[Task]: Go to the line holding "2022年消防工程师口诀.doc_第1页" in the data below and repeat it exactly, then each line after it up to and including the one holding "príroda v Gemerské Michalovce". Omit pictures.

[Data shown]:
· · · ·

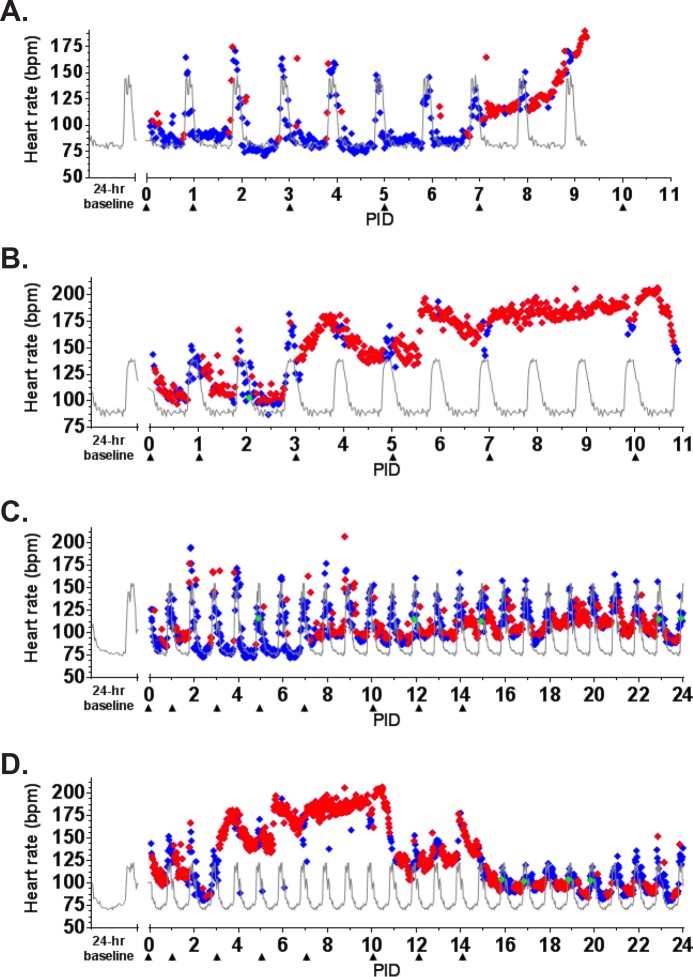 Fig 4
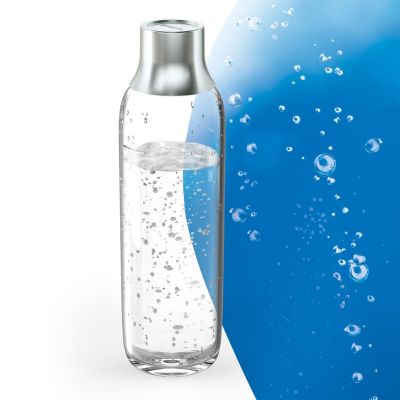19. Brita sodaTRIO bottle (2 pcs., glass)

· · · ·

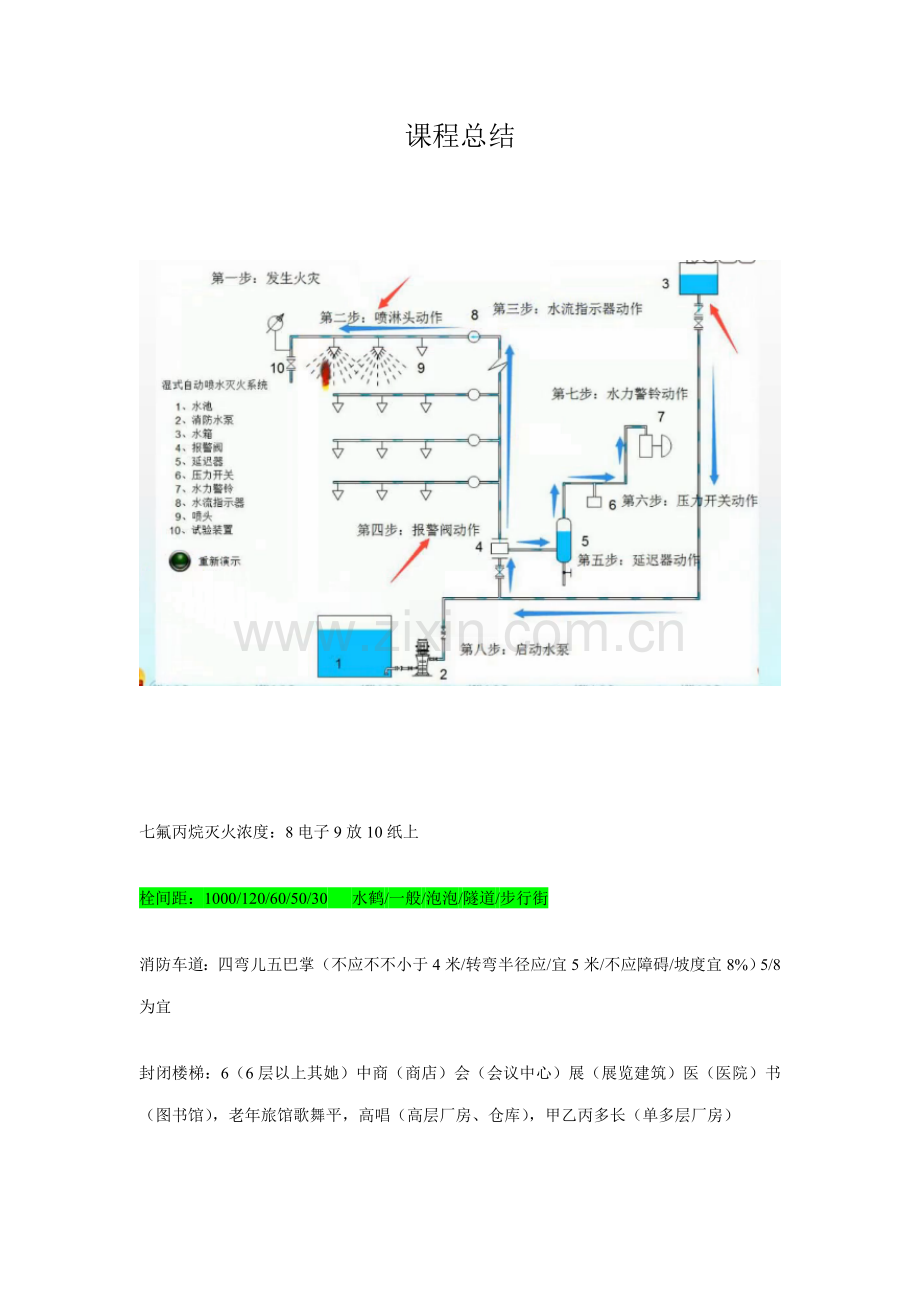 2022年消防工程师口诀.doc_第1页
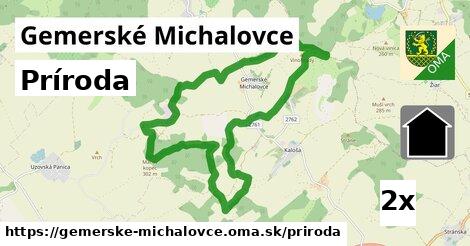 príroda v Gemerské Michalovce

· · · ·

[Result]:
 2022年消防工程师口诀.doc_第1页
 príroda v Gemerské Michalovce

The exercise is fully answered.